With each instance type, we ran the test with and without busy waiting. To disable busy waiting, we added the following lines to vm.args:
+sbwt none
+sbwtdcpu none
+sbwtdio none
Looking at requests per second, we see that c5.9xlarge and c5.4xlarge handle the full target workload of 100k requests per second and that c5.2xlarge does not, becoming saturated at 58k requests per second. Busy wait settings have no effect for this metric.
On the other hand, busy wait settings show a very significant impact on CPU utilization graphs. For all instance types, enabling busy waiting causes the CPU to be saturated above 95%. Disabling busy waiting causes CPU utilization to scale with the workload.
To get a more detailed picture, we also collected two latency metrics, along with the corresponding distribution characteristics: the time to open a connection and the time to HTTP response headers.
Again, c5.9xlarge and c5.4xlarge instances show similar results in responsiveness, and no meaningful difference with respect to busy wait settings.

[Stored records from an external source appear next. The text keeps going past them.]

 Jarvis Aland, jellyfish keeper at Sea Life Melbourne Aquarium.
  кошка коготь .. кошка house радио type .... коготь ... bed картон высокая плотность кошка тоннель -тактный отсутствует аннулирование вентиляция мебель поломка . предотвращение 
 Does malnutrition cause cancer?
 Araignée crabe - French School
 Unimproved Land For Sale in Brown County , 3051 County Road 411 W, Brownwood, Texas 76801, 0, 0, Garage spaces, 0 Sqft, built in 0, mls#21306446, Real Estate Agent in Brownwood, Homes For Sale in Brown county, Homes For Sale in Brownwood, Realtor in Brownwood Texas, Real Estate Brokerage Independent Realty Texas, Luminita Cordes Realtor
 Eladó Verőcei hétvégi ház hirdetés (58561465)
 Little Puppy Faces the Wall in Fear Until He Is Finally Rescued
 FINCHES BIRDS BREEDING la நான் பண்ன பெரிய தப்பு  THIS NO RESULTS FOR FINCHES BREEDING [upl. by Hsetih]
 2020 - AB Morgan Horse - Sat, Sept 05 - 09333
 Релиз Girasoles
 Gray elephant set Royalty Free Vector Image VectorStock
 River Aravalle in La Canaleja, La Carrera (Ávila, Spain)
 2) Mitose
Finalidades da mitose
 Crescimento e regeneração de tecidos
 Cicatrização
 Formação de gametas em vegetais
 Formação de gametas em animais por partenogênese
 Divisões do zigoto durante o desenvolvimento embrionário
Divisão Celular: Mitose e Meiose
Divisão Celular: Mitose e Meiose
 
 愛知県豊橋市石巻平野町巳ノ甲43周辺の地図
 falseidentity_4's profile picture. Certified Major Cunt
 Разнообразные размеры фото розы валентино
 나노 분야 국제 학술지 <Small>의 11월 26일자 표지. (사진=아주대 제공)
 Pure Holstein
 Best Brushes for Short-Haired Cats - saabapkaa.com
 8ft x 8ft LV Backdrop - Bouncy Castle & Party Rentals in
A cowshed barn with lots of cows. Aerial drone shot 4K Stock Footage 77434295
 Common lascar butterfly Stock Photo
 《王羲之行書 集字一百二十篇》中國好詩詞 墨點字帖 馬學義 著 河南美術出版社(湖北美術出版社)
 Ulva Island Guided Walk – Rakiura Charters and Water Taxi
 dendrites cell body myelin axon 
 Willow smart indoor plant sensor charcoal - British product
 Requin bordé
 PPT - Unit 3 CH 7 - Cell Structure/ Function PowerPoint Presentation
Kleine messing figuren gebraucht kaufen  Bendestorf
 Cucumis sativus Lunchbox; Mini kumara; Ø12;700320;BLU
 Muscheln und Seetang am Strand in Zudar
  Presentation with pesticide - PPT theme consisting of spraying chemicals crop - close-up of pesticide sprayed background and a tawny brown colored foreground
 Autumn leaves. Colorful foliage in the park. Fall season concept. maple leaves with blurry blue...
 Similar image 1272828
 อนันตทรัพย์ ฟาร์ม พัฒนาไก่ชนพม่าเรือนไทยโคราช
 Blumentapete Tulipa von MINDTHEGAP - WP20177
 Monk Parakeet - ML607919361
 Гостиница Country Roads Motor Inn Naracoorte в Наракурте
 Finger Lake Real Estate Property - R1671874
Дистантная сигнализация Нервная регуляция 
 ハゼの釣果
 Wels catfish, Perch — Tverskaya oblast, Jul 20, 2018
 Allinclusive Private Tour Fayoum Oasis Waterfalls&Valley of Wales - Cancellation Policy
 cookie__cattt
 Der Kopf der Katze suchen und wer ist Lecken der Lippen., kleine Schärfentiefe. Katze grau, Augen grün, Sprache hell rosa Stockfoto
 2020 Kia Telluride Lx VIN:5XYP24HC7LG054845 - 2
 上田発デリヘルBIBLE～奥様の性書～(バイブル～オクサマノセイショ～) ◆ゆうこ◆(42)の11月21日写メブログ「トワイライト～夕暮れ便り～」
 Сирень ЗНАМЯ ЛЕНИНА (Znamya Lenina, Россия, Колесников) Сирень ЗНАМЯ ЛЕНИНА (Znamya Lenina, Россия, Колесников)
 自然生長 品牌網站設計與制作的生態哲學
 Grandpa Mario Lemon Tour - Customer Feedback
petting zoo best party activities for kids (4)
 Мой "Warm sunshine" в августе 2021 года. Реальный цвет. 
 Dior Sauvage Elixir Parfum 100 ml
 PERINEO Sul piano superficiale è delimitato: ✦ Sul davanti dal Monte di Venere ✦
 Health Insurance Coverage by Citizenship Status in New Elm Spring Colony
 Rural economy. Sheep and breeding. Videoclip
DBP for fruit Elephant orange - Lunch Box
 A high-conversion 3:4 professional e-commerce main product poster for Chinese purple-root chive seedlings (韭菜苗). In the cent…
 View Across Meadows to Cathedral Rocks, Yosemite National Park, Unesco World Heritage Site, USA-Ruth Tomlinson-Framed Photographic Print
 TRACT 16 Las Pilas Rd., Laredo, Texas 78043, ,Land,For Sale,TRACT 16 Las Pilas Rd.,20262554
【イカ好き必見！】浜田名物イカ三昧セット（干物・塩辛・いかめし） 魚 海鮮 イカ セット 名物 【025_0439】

The latency metrics collected for the c5.2xlarge instance confirm the BEAM virtual machine working under stress, with latencies and standard errors increasing. Yet again, we see no meaningful difference between enabled and disabled busy waiting.
Conclusion
In our test, we found that BEAM’s busy wait settings do have a significant impact on CPU usage.
The highest impact was observed on the instance with the most available CPU capacity. At the same time, we did not observe any meaningful difference in performance between VMs with busy waiting enabled and disabled.
We must note that our use case was limited to serving HTTP requests with the Cowboy web server, and it is conceivable that in a different scenario there would be a noticeable difference. After all, this is probably why busy waiting was introduced to BEAM in the first place.
When running HTTP workloads with Cowboy on dedicated hardware, it would make sense to leave the default—busy waiting enabled—in place. When running BEAM on an OS kernel shared with other software, it makes sense to turn off busy waiting, to avoid stealing time from non-BEAM processes.
It would also make sense to not use busy waiting when running on burstable performance instances in the cloud.